Happens to me at logon too. Is there a workaround yet?

[jasonnutter]

Update: We will have a proper sample for this scenario, but if you are getting this error, it is because you are trying to call loginRedirect inside the Teams tab directly, which is not the proper way to invoke auth in Teams.

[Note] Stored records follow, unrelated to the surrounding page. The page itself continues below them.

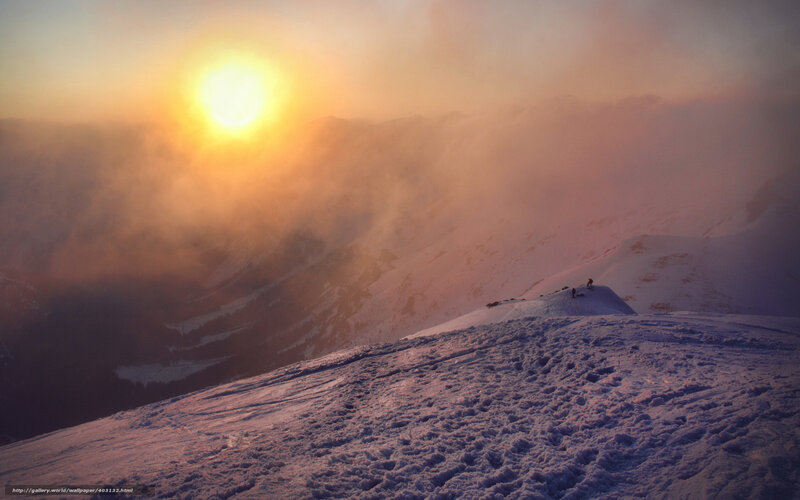 Sunset over snowy mountain peak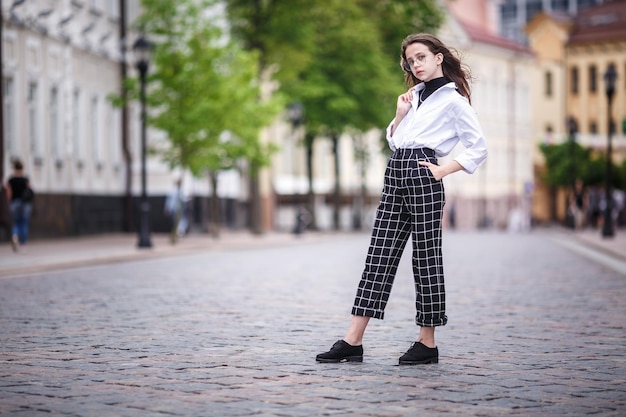 Portrait of little beautiful stylish kid girl with sunglasses and short plaid pants in city urban street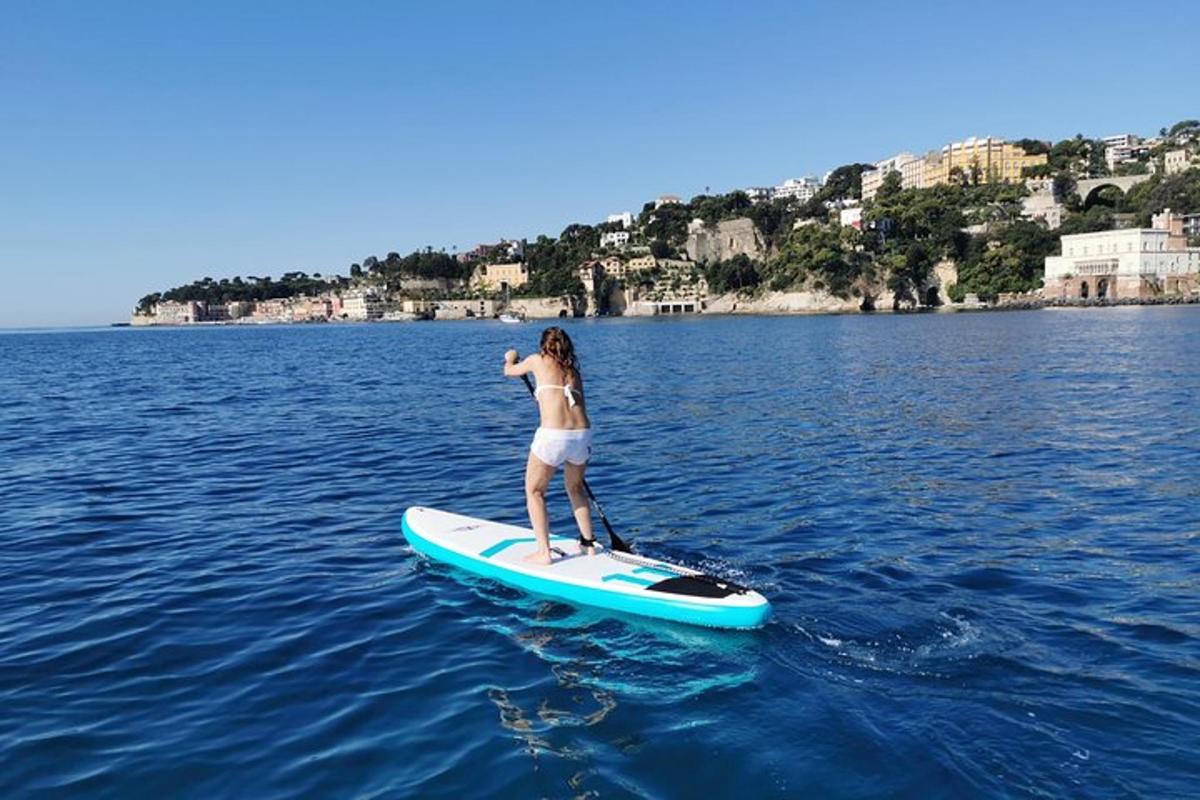 kobieta stojąca na desce surfingowej w wodzie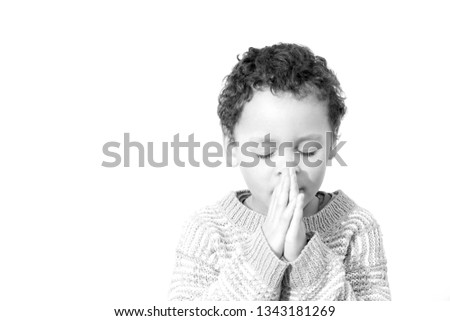 boy praying to God with hands held together and head bowed low on white background stock image and stock photo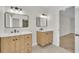 Updated bathroom featuring double vanities, modern fixtures, and bright lighting at 37 N Tymber Crk, Ormond Beach, FL 32174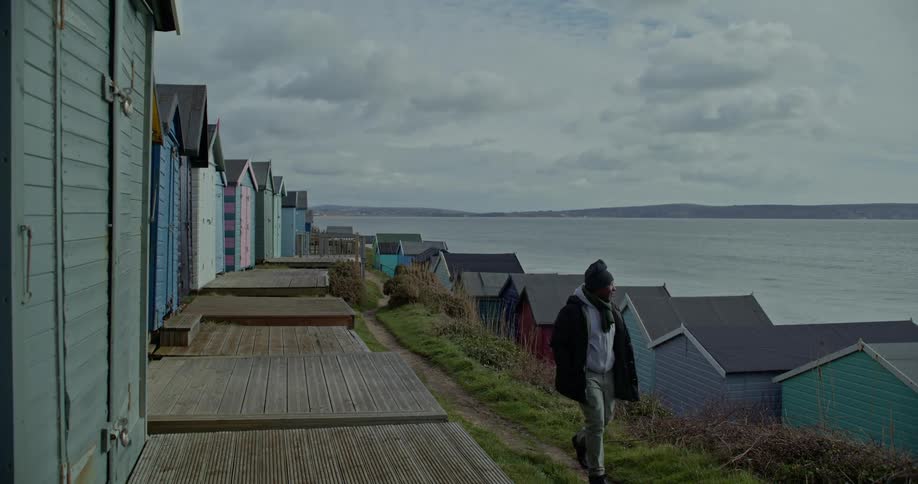Man walks on a path through colorful wooden beach huts overlooking the sea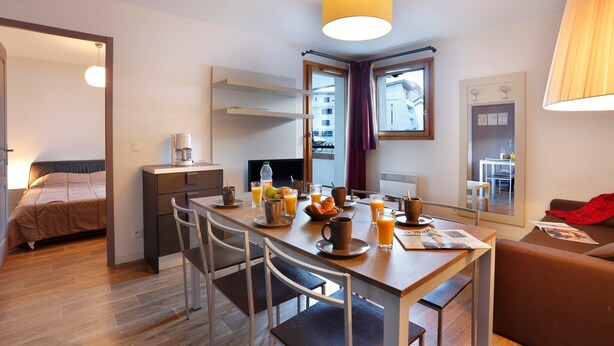 Una habitación de hotel moderna con comedor, cama, escritorio y baño visible a través de una puerta abierta.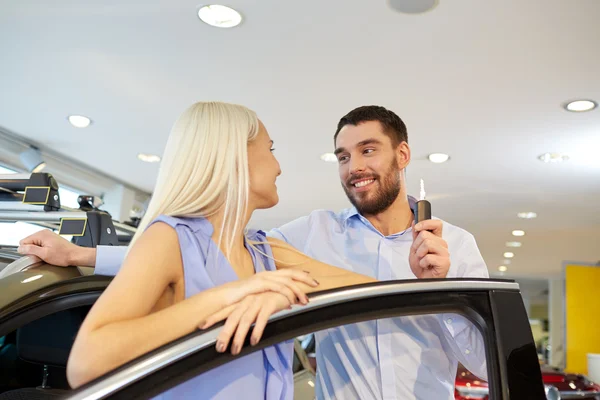 Feliz pareja comprando coche en auto show o salón —  Fotos de Stock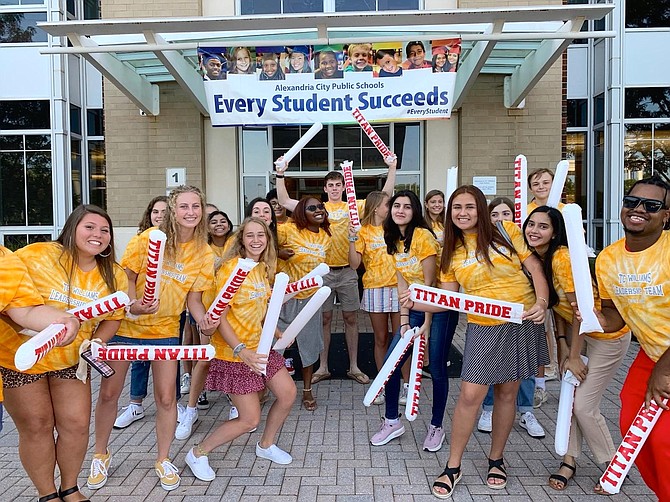 Members of the T.C. Williams High School leadership Team are all smiles as they greet arriving students for the first day of school Sept. 3.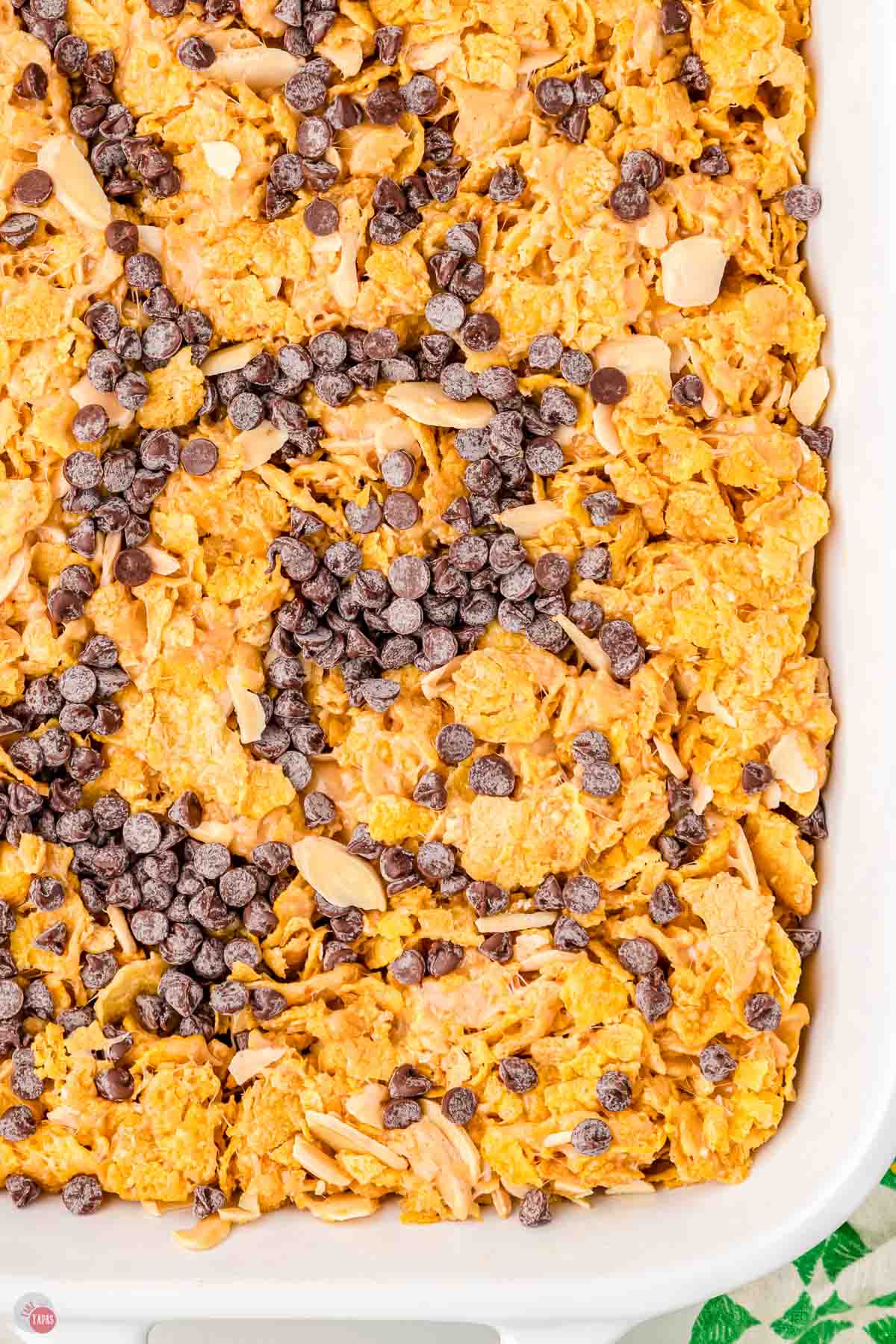 close up of cornflake bars with topped with chocolate chips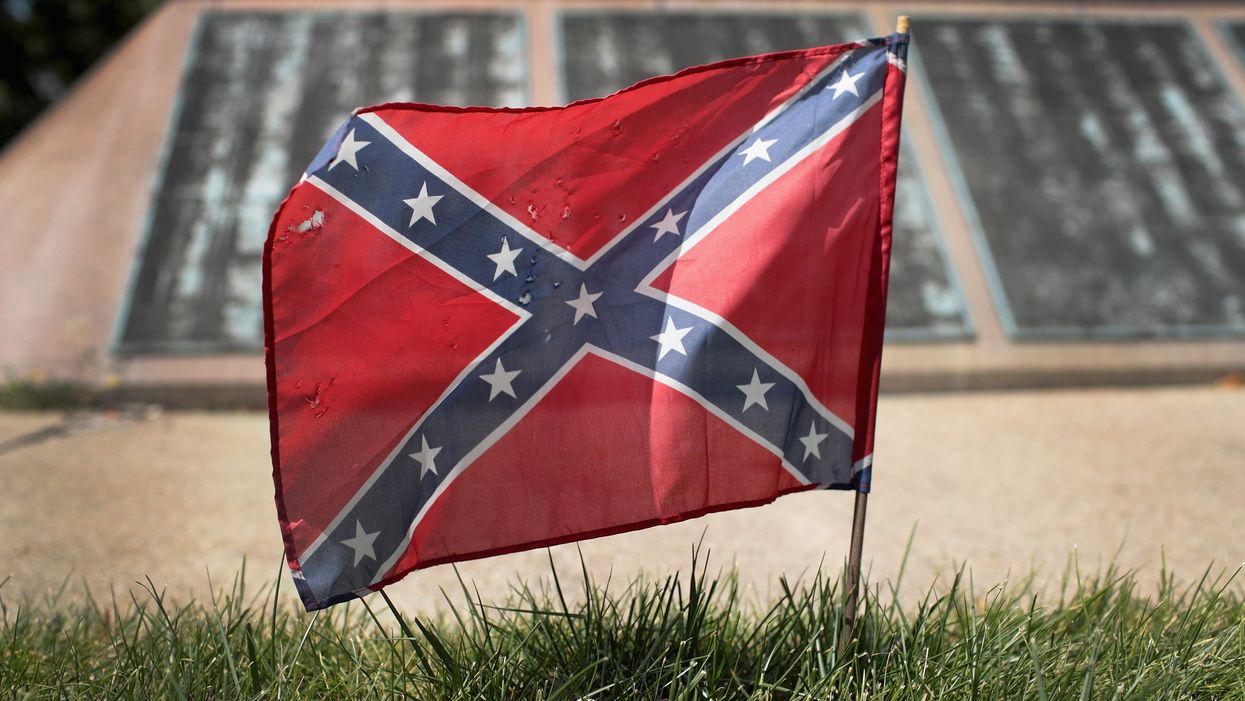 A small Confederate Flag has been placed in the grass in front of what appears to be a memorial.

You need to use the Teams JS SDK:

1. Invoke microsoftTeams.authentication.authenticate, setting the url to a page on your app (e.g. /auth-start). This page will be opened in a popup created by Teams.
2. The /auth-start page should invoke loginRedirect on page load, setting the redirectUri to a page (e.g. /auth-end) that will call handleRedirectPromise to handle the response.
3. The result of handleRedirectPromise should be passed to microsoftTeams.authentication.notifySuccess or microsoftTeams.authentication.notifyFailure, depending on if there is an error.
4. This result will be passed back to your code from step 1, at which point you can use the result.

Example:

// auth.js
const msal = new PublicClientApplication({
    auth: {
        clientId: "your-client-id",
        authority: `https://login.microsoftonline.com/common`, // may need to replace with tenanted endpoint
        redirectUri: `${window.location.origin}/auth-end`,
        navigateToLoginRequestUrl: false
    }
})

// tab.js (when auth is needed)
microsoftTeams.authentication.authenticate({
    url: window.location.origin + "/auth-start",
    width: 600,
    height: 535,
    successCallback: (result) => {
        // This will be called when microsoftTeams.authentication.notifySuccess is called from the popup
    },
    failureCallback: (error) => {
        // This will be called when microsoftTeams.authentication.notifyFailure is called from the popup
    }
});

// auth-start.js (on page load)
msal.loginRedirect()

// auth-end.js (on page load)
msal.handleRedirectPromise()
    .then(result => {
        microsoftTeams.authentication.notifySuccess(result);
    })
    .catch((error) => {
        microsoftTeams.authentication.notifyFailure(error);
    })

[jasonnutter]

And if you want to use the Teams OBO token to get SSO, you will need to trade it server-side, as demonstrated here: https://github.com/OfficeDev/microsoft-teams-app-quickstarts/blob/master/js/clients/tabs/tab-personal-sso/src/components/Tab.js#L68

We'll have a sample that shows both approaches using MSAL Browser and MSAL Node.

[github-actions]

This issue has not seen activity in 14 days. It will be closed in 7 days if it remains stale.

[github-actions]

This issue has been closed due to inactivity. If this has not been resolved please open a new issue. Thanks!